O sociólogo João Areosa, um dos investigadores do estudo, traçou o perfil do maquinista do metro, na sua apresentação: “homem, trabalhador por conta de outrem, com cerca de 50 anos e com mais de 20 anos de experiência profissional”.
“Casado, com relação conjugal estável e com um a dois filhos. Desfruta de um vínculo laboral estável, cujo rendimento bruto está acima dos dois mil euros. Possui casa própria, sem estar totalmente paga. Trabalha entre 35 e 40 horas por semana. Mensalmente exerce a sua atividade laboral, em horário noturno, com cargas horárias acima das 45 horas, tendo também horários rotativos”, explicou.
João Areosa adiantou ainda que um terço dos inquiridos referiu ter sido “vítima de assédio moral por parte das hierarquias”, um valor “muito elevado” de acordo com o responsável.
Por seu turno, Henrique Silveira de Oliveira, doutorado em matemática pela Universidade Técnica de Lisboa e responsável pela análise matemática dos dados no estudo, começou por explicar que a classe dos maquinistas “não se tem renovado nos últimos anos” e que, ao nível do esgotamento, apresenta valores mais elevados que os professores ou mesmo pessoal de voo, só abaixo dos estivadores.
Ao nível do desgaste profissional, a exaustão emocional é aquela que mais preocupa os investigadores, seguida pela distanciação/despersonalização laboral.
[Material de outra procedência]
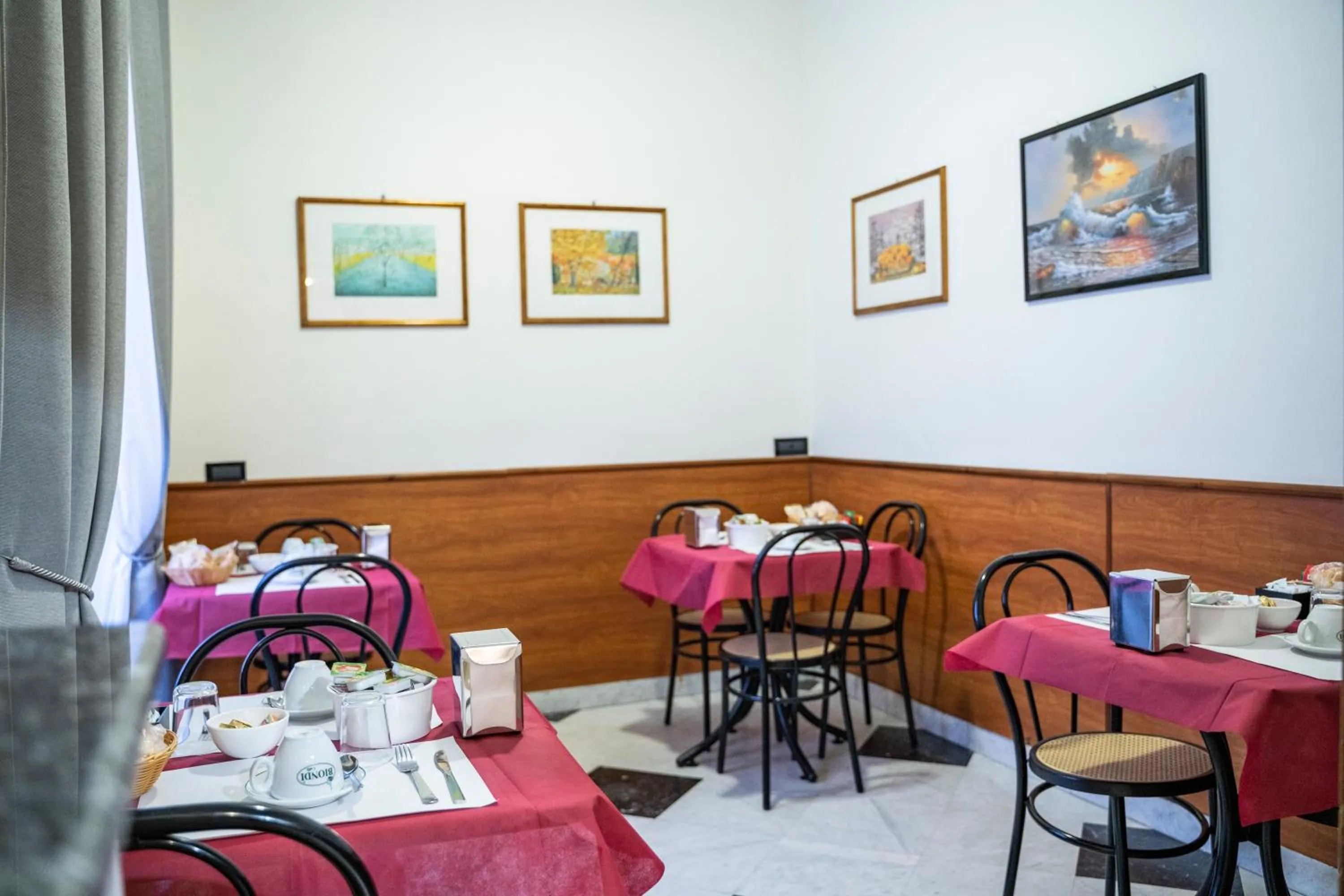 Restaurant/places to eat in Hotel Ferrarese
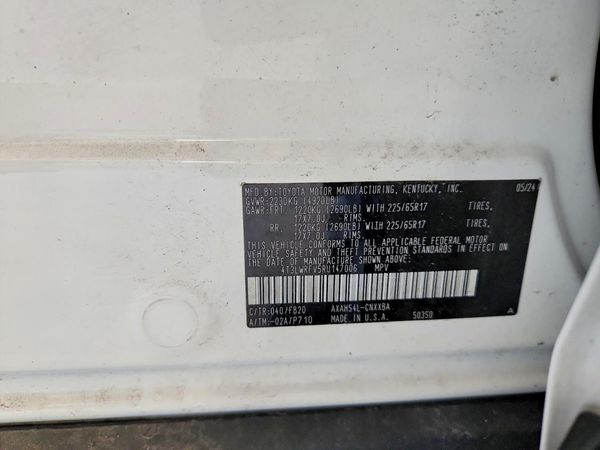 2024 TOYOTA RAV4 LE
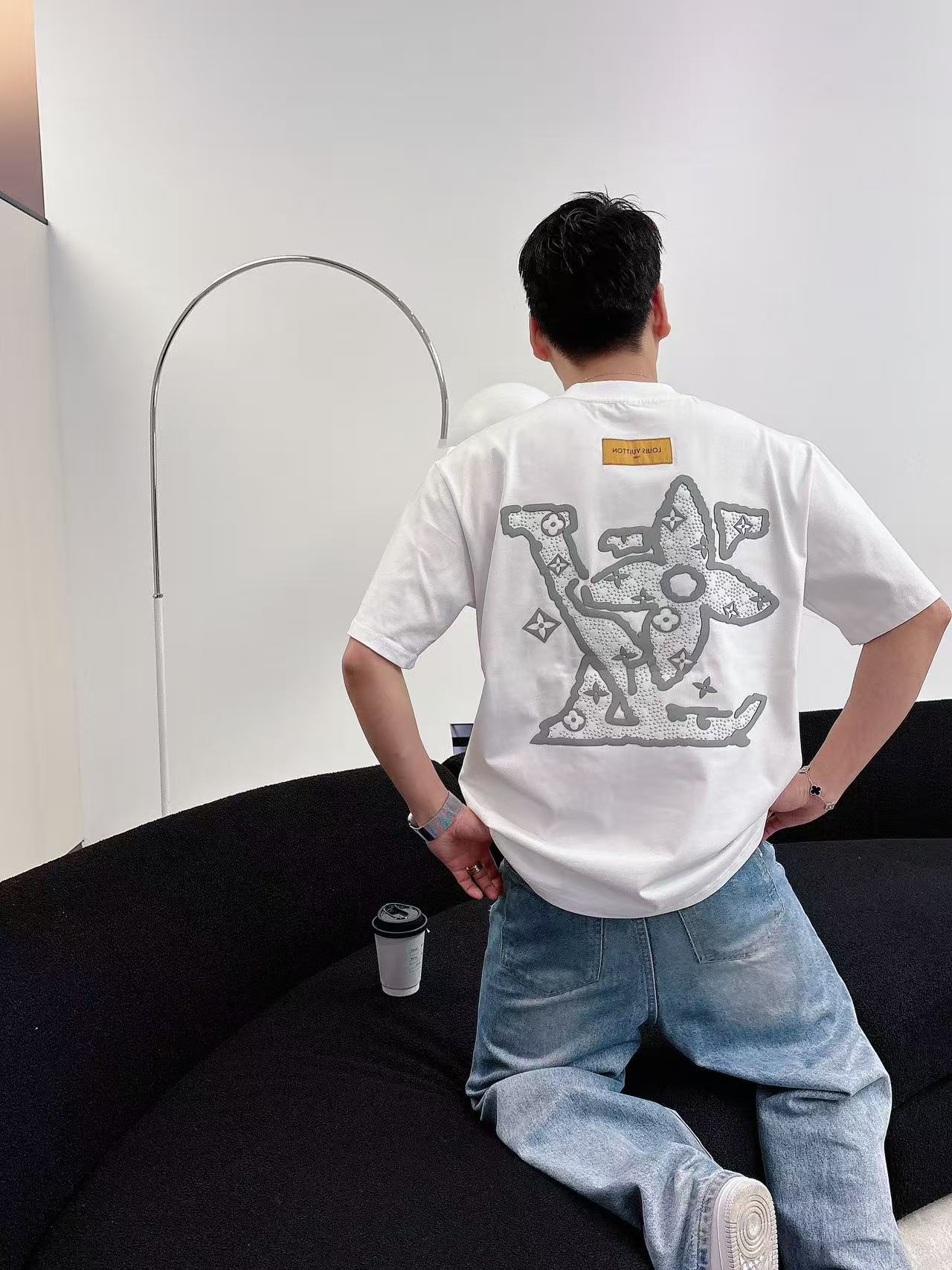 LV * 𝟐6𝐬s 春夏休闲短袖定制面料 品牌经典LOGO 工艺精致 休闲百搭 【𝐒𝐢𝐳𝐞：码数】 S-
No entanto, a realização profissional dos maquinistas é coesa, sendo este um aspeto positivo para a saúde física e mental, relacionada com o facto de existir um “coletivo de trabalho forte” entre a classe, com cerca de 75% dos maquinistas a referirem sentir solidariedade por parte dos colegas.
“Quase 20% da nossa amostra está num escalão de exaustão extrema, o que é muito preocupante”, disse Henrique Silveira de Oliveira, lembrando que a classe apresenta uma “preocupação com a segurança dos passageiros”, o que pode influenciar, associado a outros fatores, a saúde mental dos maquinistas.
Também a relação com a hierarquia, segundo o estudo, “revela traços de autoritarismo e insensibilidade no tratamento de problemas”, sendo apontadas “práticas de assédio moral”, facto que, de acordo o psicólogo Duarte Rolo, é uma “questão muito preponderante” e deverá ser melhor analisada na segunda parte do estudo, que irá investigar e aprofundar a correlação entre os dados apresentados ontem.
O presidente do Sindicato dos Trabalhadores da Tracção do Metropolitano de Lisboa (STTM), Silva Marques, começou por lembrar que em 1997/98 existiam cerca de 460 maquinistas e atualmente existem 250, além de que a rede ia só até à Gare do Oriente e Pontinha, encontrando-se agora mais expandida.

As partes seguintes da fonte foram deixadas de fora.